La foresta continua a fiancheggiare le rive del fiume e a presentar sempre nuove scene.
Mi tormenterei invano se volessi esprimere con parole le varie emozioni che provai viaggiando in un paese a me fino allora sconosciuto, di cui avevo letto e avevo udito narrare mille cose bizzarre e stravaganti. Dirò solo che inoltrarsi in un tal paese e spaziare collo sguardo avidamente da ogni parte; trovare un pascolo continuo alla curiosità in tutto ciò che cade sott'occhio o giunge all'orecchio; gettare un oh!! di stupore a ogni tratto, e chiedere ogni momento a' barcaiuoli or questa or quella cosa; sentire che la mente a poco a poco si dilata e si rischiara; provarsi ad abbozzare un gruppo di gente che non si sa ancora a quale tribù appartenga e qual religione professi; sperare di veder presto la Croce di Cristo trionfar della loro barbarie traendo seco gloriosa la civiltà; e pensare di descrivere un giorno, o colla voce o colla stampa, tante cose a chi non le ha mai vedute o sentite... è davvero il più vivo e il più vario dei diletti umani.

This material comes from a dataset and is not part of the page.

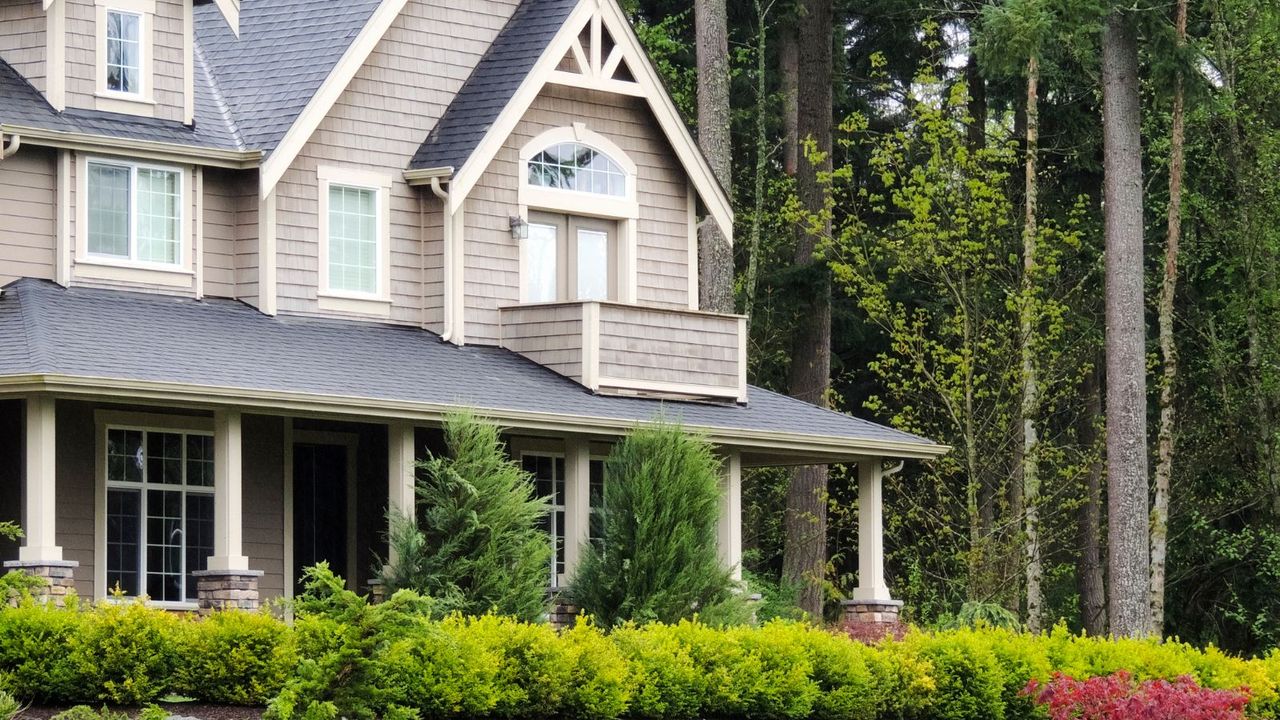 front of a victorian style American home in spring time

Queste foreste, che accompagnano il fiume a destra e a sinistra, da Chartùm (15°, 37′) fin presso a machàdat-Abù-Zèt (13º lat. N.), non s'estendono in larghezza che circa due miglia geografiche, e in gran parte sono inondate dalle acque del fiume durante la stagione piovosa.

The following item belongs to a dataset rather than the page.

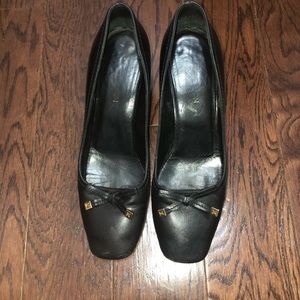 Louis Vuitton black heels with gold detail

I primi abitanti che si trovano a sud di Chartùm lungo il Bàhr-el-Àbiad sono gli Arabi Hossanìeh, e quindi i Baggàra a sinistra del fiume, e gli Abù-Ròf a destra tra il 10º e il 14º lat. N.
Questi, come quasi tutti gli Arabi del Sudàn qua e là dispersi tra il 10º e il 15º grado, dalle rive del Senegàl sino a quelle del fiume Azzurro, si dicono Arabi d'Abù-Zèt.
Ecco quanto ci racconta la tradizione presso tutte le tribù arabe da me visitate lunghesso i fiumi Bianco ed Azzurro, fatta eccezione degli Abù-Gerìt, o Zabàlat[1], e di qualche altra piccola tribù di colore giallognolo, la quale venne a stanziarsi nel Sudàn molto più tardi degli Arabi Abù-Zèt.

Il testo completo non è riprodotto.